Morgan and I roll played a few scenarios: what would you do if a professor is eating one of your allergens? (His answer: probably nothing unless I had to shake a hand, and then I’d tell them.) Where is the nearest hospital? (He looked on a Google map to find one). What would you do if your roommate is eating one of your allergens? (His answer: Talk to him about it!) What would you do if you knowingly ate one of your allergens – accidentally – but didn’t have any symptoms? (His answer: give myself an EpiPen and then call 911).

Morgan had several conversations with the head chef at DU over the summer, and he felt confident that he could live in the PLP dorm and eat safely since the cafeteria already labeled all of the foods that they made, and all the chefs were trained on food allergy awareness. Morgan and I met with the chefs one week prior to the school year starting. I wrote about that in a blog post here.

Morgan received his roommate assignment in July and started Facebook conversations with the young man. They met for the first time a few weeks before school started in a coffee shop in our hometown when his roommate was visiting extended family. They talked for 3 1/2 hours, and Morgan came home and said he never mentioned food allergies! I almost wanted to step in and start a conversation about how important it is for his roommate to be aware of his food allergies! Instead, I decided that I needed to step back and let him manage it. Morgan did mention his food allergies in a text message (kids these days!!) a few days prior to showing up at DU. His roommates response was, “Darn, I was really planning on eating fish in the room!” Apparently, it was no big deal to him at all to keep Morgan’s allergens out of the room.

When we arrived at DU, carting wheelbarrows worth of clothes and accessories into Morgan’s dorm room, we found the newly purchased A/C unit in a box.
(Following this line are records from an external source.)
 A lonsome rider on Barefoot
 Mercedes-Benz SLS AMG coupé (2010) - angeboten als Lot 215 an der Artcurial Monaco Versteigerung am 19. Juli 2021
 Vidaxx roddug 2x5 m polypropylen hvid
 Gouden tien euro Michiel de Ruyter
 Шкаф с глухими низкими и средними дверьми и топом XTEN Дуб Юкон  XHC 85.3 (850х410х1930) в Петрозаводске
After inspecting the unit, my husband determined that he hadn’t brought the proper tools to put it together. I called the Housing Office to ask if someone was able to put the unit together for us. Within 5 minutes, the director of Housing was in Morgan’s room introducing herself! She called maintenance who had the unit operating within the hour!! Amazingly quick work! Morgan has been sleeping in air conditioning ever since. His roommate’s mother was thrilled since hayfever was a common issue for her son. She was hoping his allergies get better too!

Morgan brought practice EpiPens with him to college, with plans to train his roommate and others in the PLP program. Several of the chefs we met are EpiPen trained. Morgan is also capable of administering the EpiPen to himself. This is something I have to let go of. Morgan has ALWAYS carried 2 EpiPens since he was in middle school. I trust him to properly care for himself by training others.
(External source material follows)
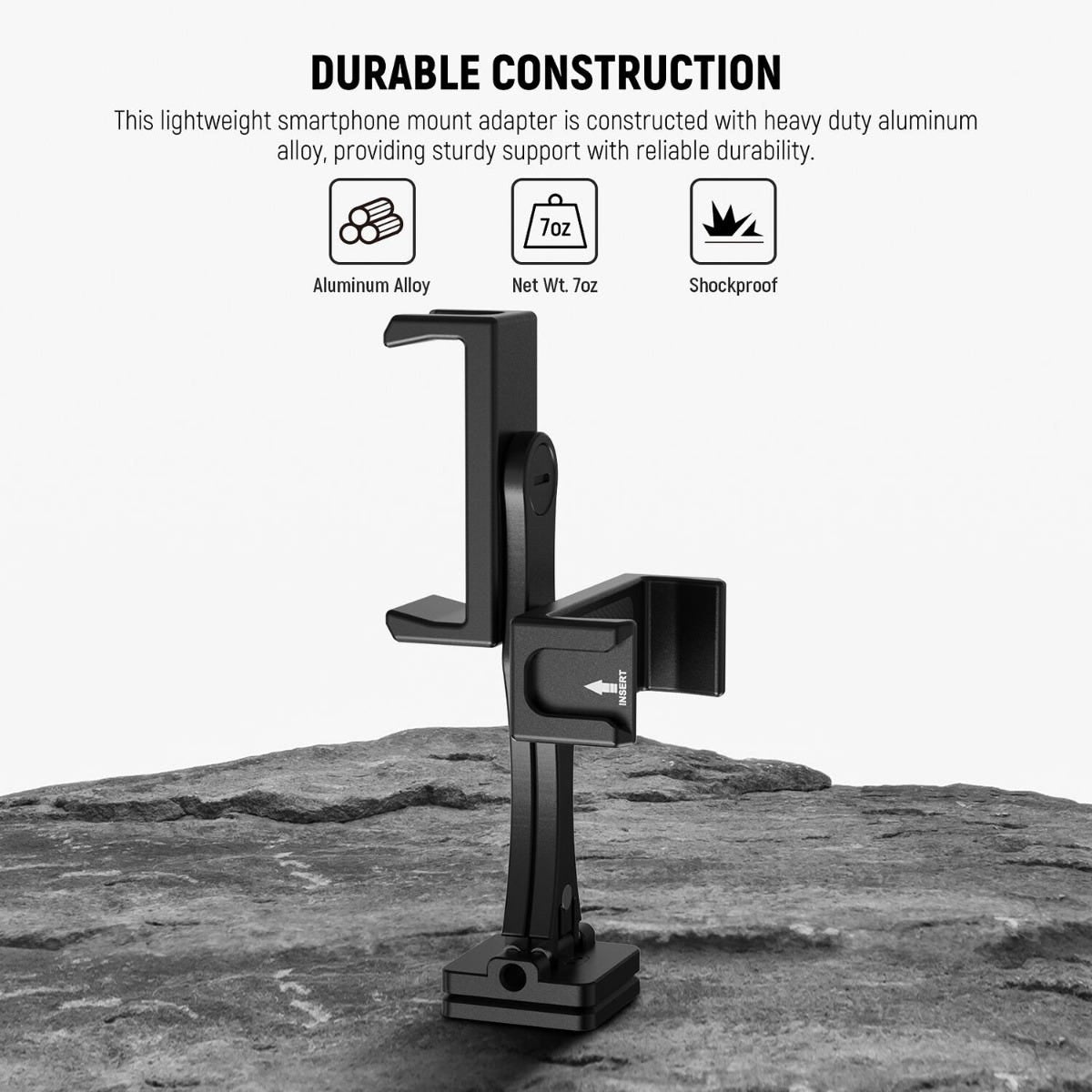 NEEWER SP-08 Metal Phone Mount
At lunch the first day, Morgan went and talked with his chef contact about what was safe to eat, and whether he needed anything specially made. My husband and I were at DU for three days of Parent Orientation, and also ate in the cafeteria with the students. I was thrilled that they had a microwave out in the dining area for me to heat up my special meals, and my husband was thrilled with the tasty food! Morgan has had no problems finding safe, healthy food at each meal. At the last lunch that we ate with Morgan before we departed, the chef came up to him and asked him, “Where were you at dinner last night?” Morgan told him that he ate at a different dorm cafeteria, to which the chef replied, “Here’s my cell number. Make sure to text me when you don’t eat here so that I know you’re okay!” How wonderful that was to hear!

This is just the start for us, but a very good start it was! It takes a good amount of planning to get your child with food allergies to college, but it can be done. It can be especially rewarding when the college is so well-informed and willing to provide excellent care!